== AVAILABLE RECORDS ==

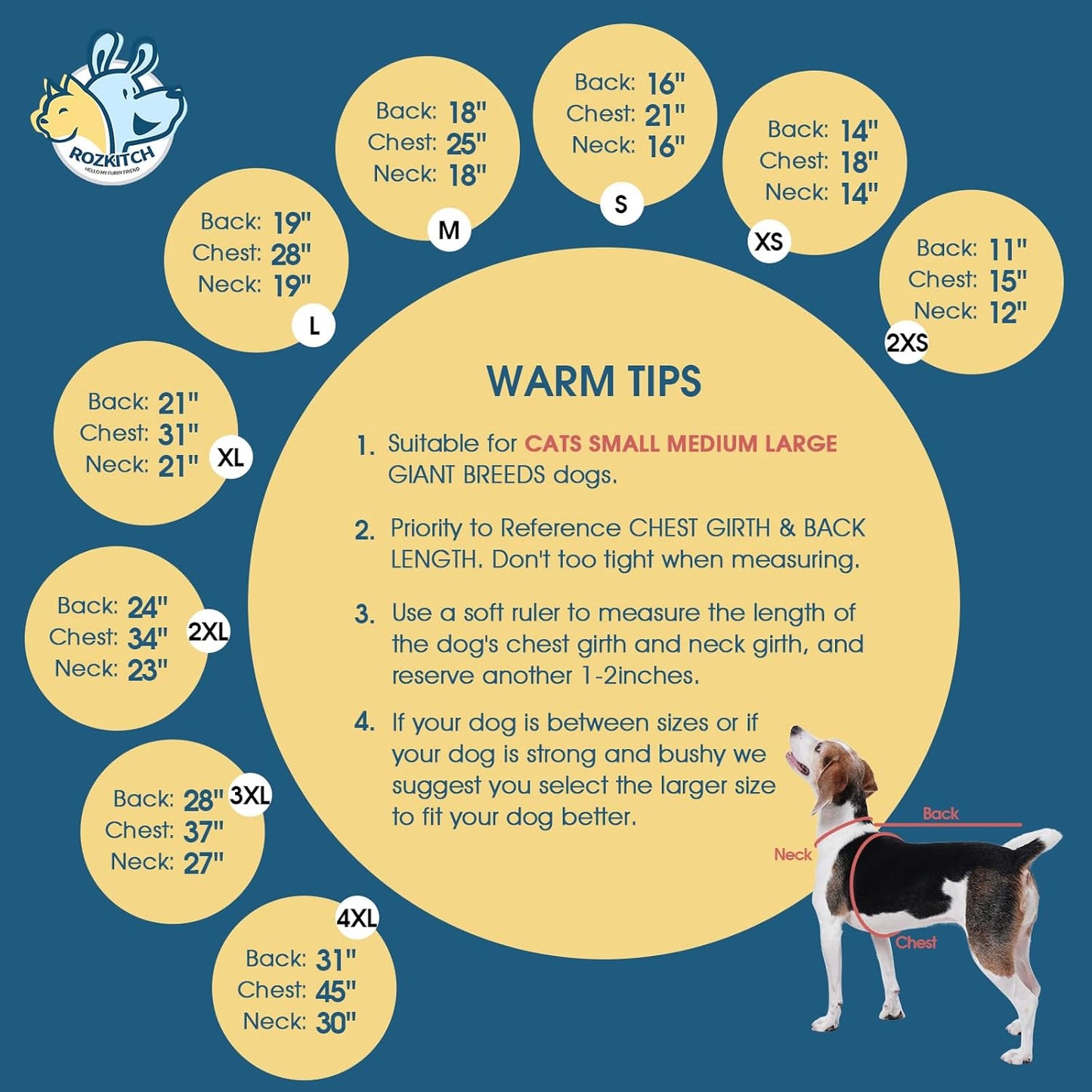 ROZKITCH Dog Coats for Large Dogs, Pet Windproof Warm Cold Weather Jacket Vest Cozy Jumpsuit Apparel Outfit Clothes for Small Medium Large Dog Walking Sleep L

===
== AVAILABLE RECORDS ==

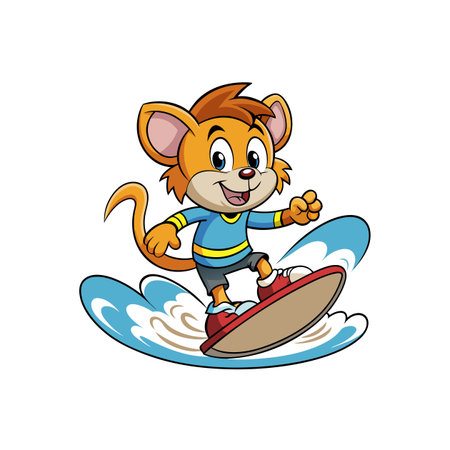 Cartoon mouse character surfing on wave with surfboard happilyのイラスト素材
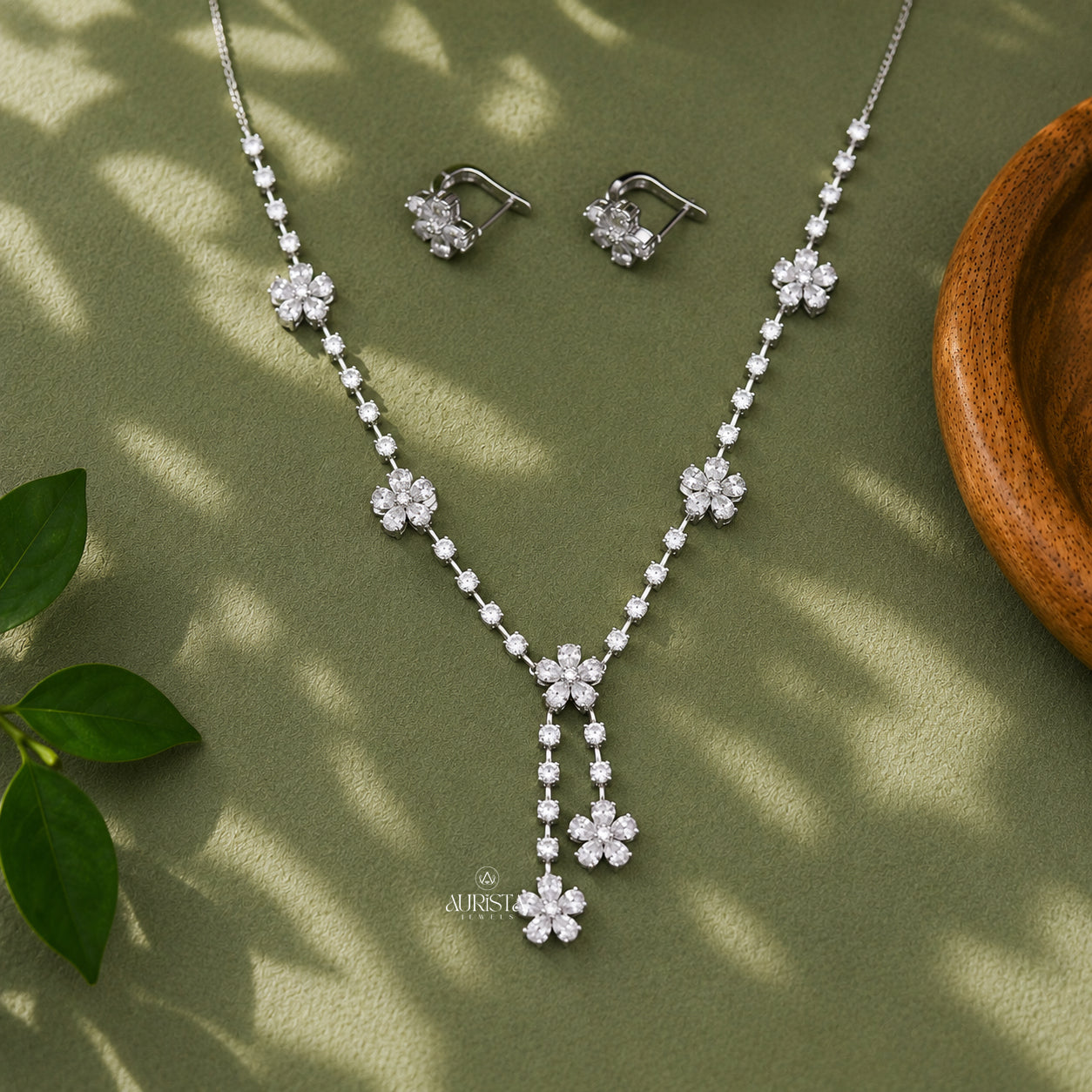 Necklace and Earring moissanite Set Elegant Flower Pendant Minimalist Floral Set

===

* TASK GOAL:
Up in the listing, locate the line with "Cartoon mouse character"; print it and every line after it down to the line with "Necklace and Earring", which is included too. Skip the pictures.

* TASK ANSWER:
 Cartoon mouse character surfing on wave with surfboard happilyのイラスト素材
 Necklace and Earring moissanite Set Elegant Flower Pendant Minimalist Floral Set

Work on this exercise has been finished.